Speaking during the launch of the 2021 banking report in Lagos on Wednesday, the Deputy Managing Director, Afrinvest West Africa Limited, Victor Ndukauba, revealed that Nigerian banks delivered a 15.6 and 6.8 per cent year-on-year (y/y) growth in total assets and profit respectively in the first half of 2021 despite elevated Cash Reserve Ratio (CRR) debits and compulsory Loan-to-Deposit (LDR) levels.
He noted that with the pandemic, the Nigerian banking sector’s vulnerability heightened and requiring swift policy responses from the Central Bank of Nigeria (CBN) which response necessitated a real GDP growth of 13.3 per cent y/y in the financial institutions’ sector.
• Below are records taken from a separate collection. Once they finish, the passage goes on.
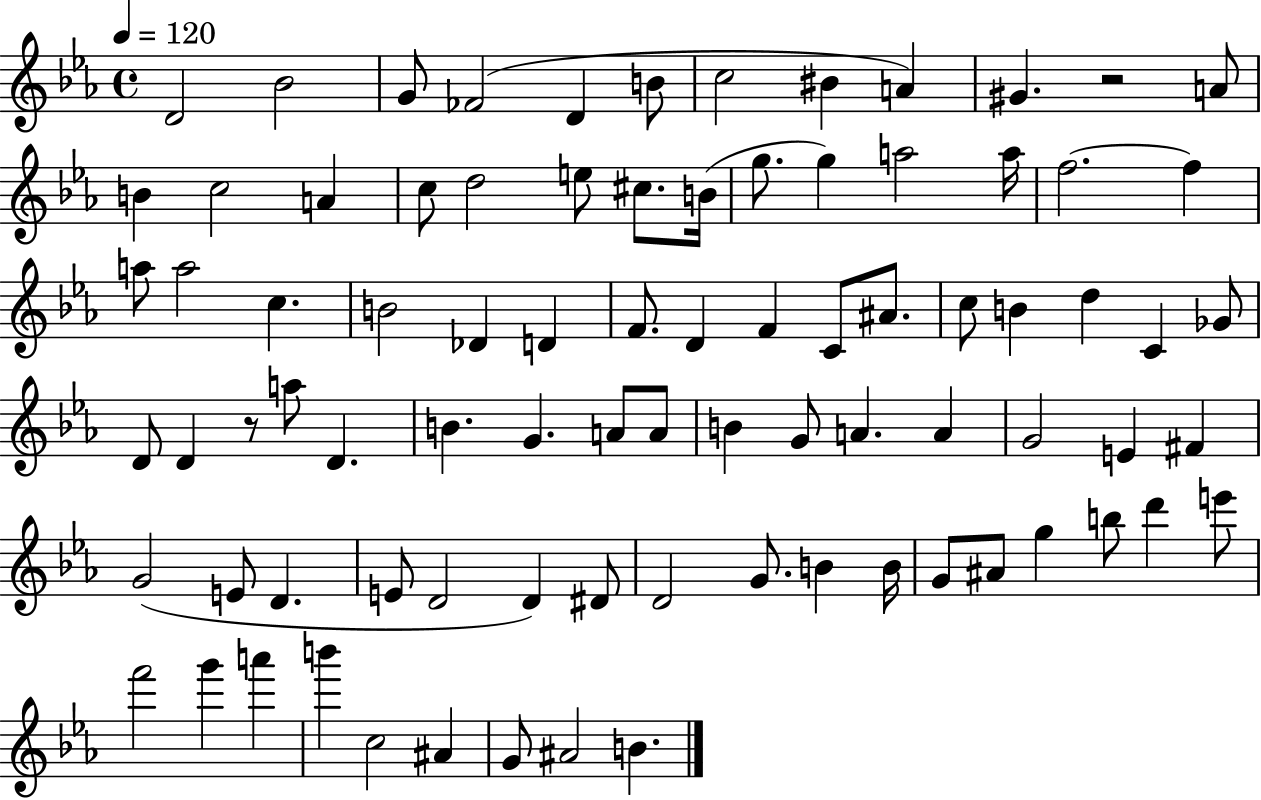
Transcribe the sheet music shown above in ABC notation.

X:1
T:Untitled
M:4/4
L:1/4
K:Eb
D2 _B2 G/2 _F2 D B/2 c2 ^B A ^G z2 A/2 B c2 A c/2 d2 e/2 ^c/2 B/4 g/2 g a2 a/4 f2 f a/2 a2 c B2 _D D F/2 D F C/2 ^A/2 c/2 B d C _G/2 D/2 D z/2 a/2 D B G A/2 A/2 B G/2 A A G2 E ^F G2 E/2 D E/2 D2 D ^D/2 D2 G/2 B B/4 G/2 ^A/2 g b/2 d' e'/2 f'2 g' a' b' c2 ^A G/2 ^A2 B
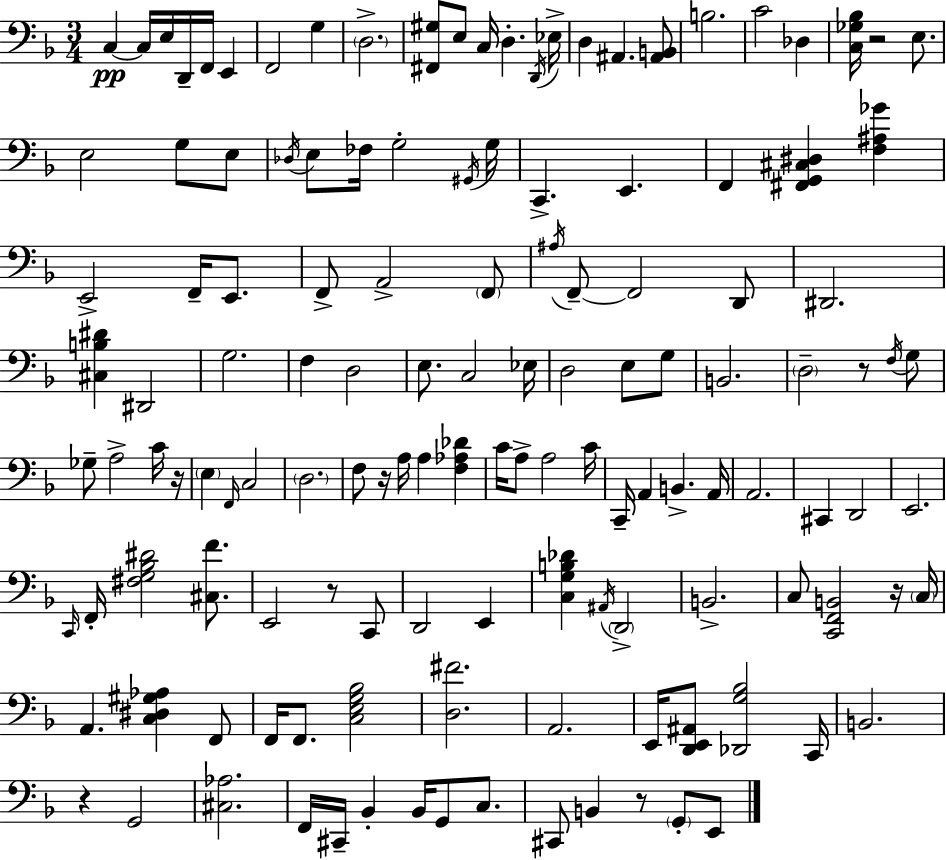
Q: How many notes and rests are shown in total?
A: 134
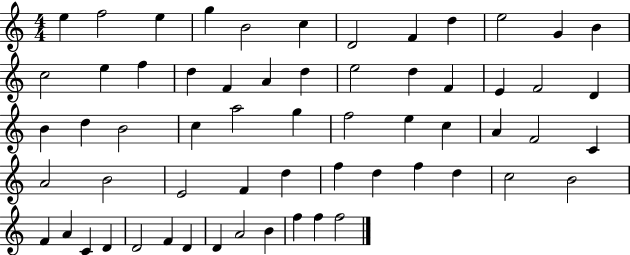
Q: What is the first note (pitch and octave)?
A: E5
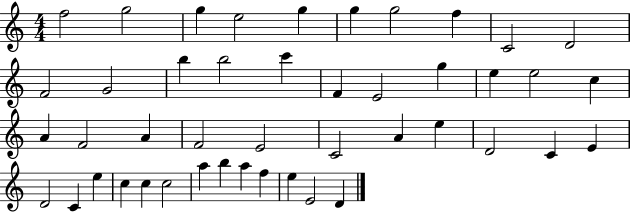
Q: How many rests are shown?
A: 0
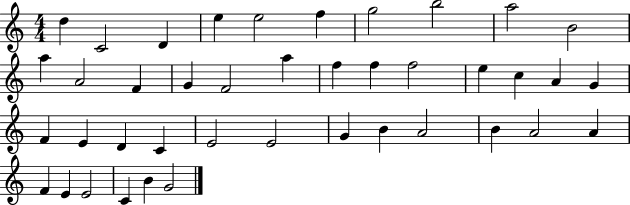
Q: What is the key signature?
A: C major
Ndukauba further explained that deposits reduction in both consumer and business segments, exposure to currency risk and increased credit default, affected banks’ earnings in Nigeria.
“Consequently, aggregate gross earnings for the banks within Afrinvest’s coverage (5 Tier-1 and 8 Tier-2 banks) marginally grew by 2.8 per cent in 2020 relative to 9.9 per cent in 2019.
Meanwhile, earnings weakened as the industry’s profit before tax (PBT) fell 2.3 per cent from a growth of 13.2 per cent in 2019 with profit after tax (PAT) slightly growing by 0.4 per cent y/y compared to 13.1 per cent in 2019.
In terms of asset creation, the banks under our coverage grew loan books by 16.3 per cent y/y to N24.6 trillion from N21.2 trillion in 2019, as banks aimed to achieve the CBN’s LDR target (65.0 per cent )”, he said.
Highlighting key outlook for the sector, Ndukauba said earnings by banks in Nigeria will remain fragile, adding that Afrinvest expects a 15.0 per cent growth in industry loans and advances as the economic recovery strengthens and banks can drive growth in deposits.
According to him, compliance with the CBN’s LDR directive will not be a big driver for loan growth as banks place a higher premium on quality risk asset creation over the punitive measure for non-compliance.
“With the improvement in macroeconomic conditions, we expect a lesser deterioration in asset quality based on the ECL model. We note that the CBN has extended its regulatory forbearance for loan restructuring.”
However, the viability of most of the restructured loans is still questionable.